Report all lines below with the word "that".

───── Records supplied

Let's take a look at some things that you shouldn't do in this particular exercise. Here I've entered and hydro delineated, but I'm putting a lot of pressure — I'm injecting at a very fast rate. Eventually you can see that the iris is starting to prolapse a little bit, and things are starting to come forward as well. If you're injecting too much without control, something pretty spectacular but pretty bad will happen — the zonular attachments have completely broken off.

──────────
───── Records supplied

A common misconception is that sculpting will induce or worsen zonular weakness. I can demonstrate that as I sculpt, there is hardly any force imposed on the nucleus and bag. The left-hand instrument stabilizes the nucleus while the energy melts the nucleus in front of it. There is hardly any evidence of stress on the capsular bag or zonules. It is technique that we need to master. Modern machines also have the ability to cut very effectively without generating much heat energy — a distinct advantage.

──────────
───── Records supplied

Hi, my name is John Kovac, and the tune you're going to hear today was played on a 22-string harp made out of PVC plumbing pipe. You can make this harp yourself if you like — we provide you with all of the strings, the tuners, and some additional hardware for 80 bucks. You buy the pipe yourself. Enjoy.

──────────

Response:
Let's take a look at some things that you shouldn't do in this particular exercise. Here I've entered and hydro delineated, but I'm putting a lot of pressure — I'm injecting at a very fast rate. Eventually you can see that the iris is starting to prolapse a little bit, and things are starting to come forward as well. If you're injecting too much without control, something pretty spectacular but pretty bad will happen — the zonular attachments have completely broken off.
A common misconception is that sculpting will induce or worsen zonular weakness. I can demonstrate that as I sculpt, there is hardly any force imposed on the nucleus and bag. The left-hand instrument stabilizes the nucleus while the energy melts the nucleus in front of it. There is hardly any evidence of stress on the capsular bag or zonules. It is technique that we need to master. Modern machines also have the ability to cut very effectively without generating much heat energy — a distinct advantage.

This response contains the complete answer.